╔══
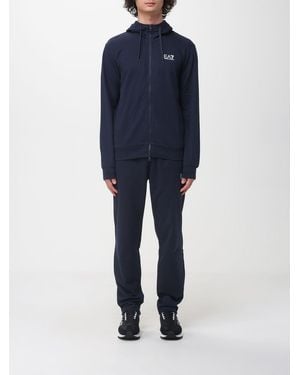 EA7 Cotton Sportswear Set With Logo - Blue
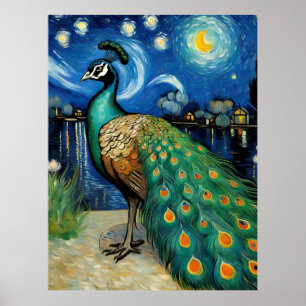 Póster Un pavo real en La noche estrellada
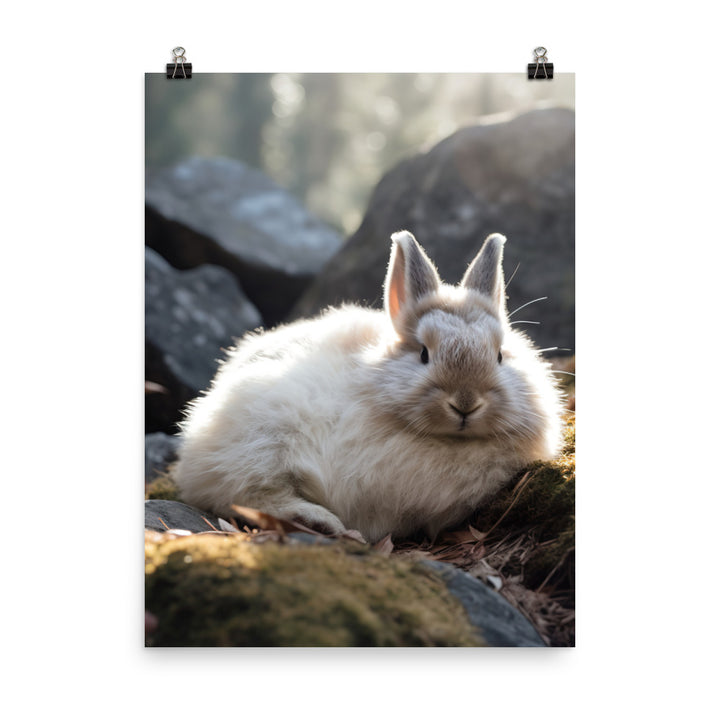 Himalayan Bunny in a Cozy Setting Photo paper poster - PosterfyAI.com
╚══
╔══
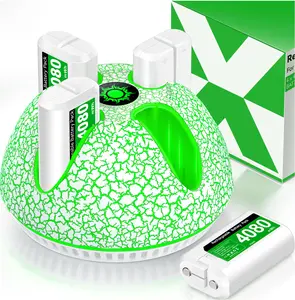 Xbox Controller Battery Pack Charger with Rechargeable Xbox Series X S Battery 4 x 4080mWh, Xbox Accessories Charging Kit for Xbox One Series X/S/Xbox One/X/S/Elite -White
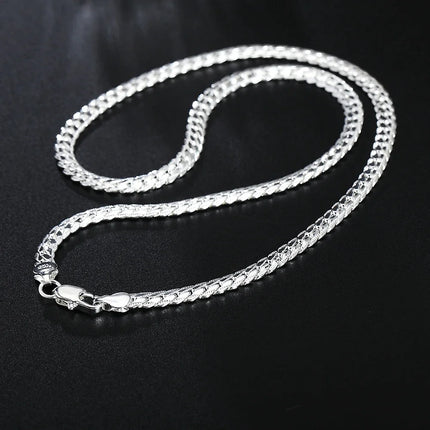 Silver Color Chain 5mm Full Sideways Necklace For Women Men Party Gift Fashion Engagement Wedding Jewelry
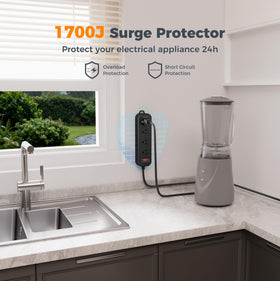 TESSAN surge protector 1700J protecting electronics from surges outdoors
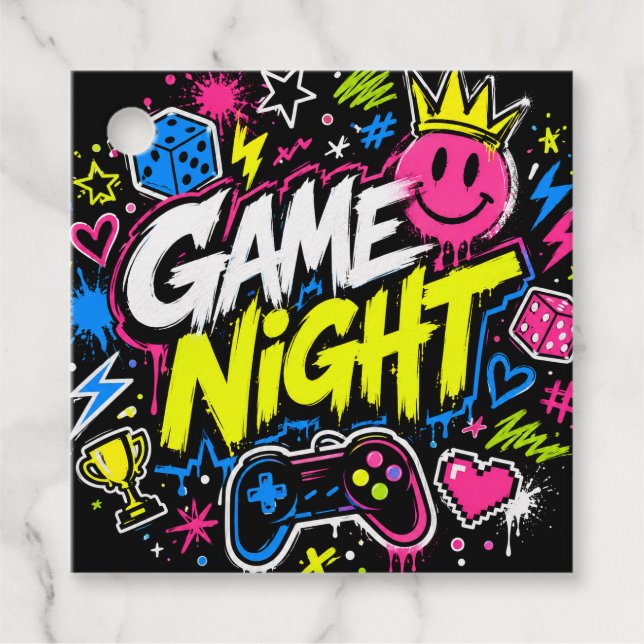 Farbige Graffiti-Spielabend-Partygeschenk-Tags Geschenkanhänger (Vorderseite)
╚══
> _Task brief_
Look above for the line with "Póster Un pavo real en La noche estrellada" and the line with "Himalayan Bunny in". Copy them and every line between, exactly, but no pictures.

> _Output of the exercise_
 Póster Un pavo real en La noche estrellada
 Himalayan Bunny in a Cozy Setting Photo paper poster - PosterfyAI.com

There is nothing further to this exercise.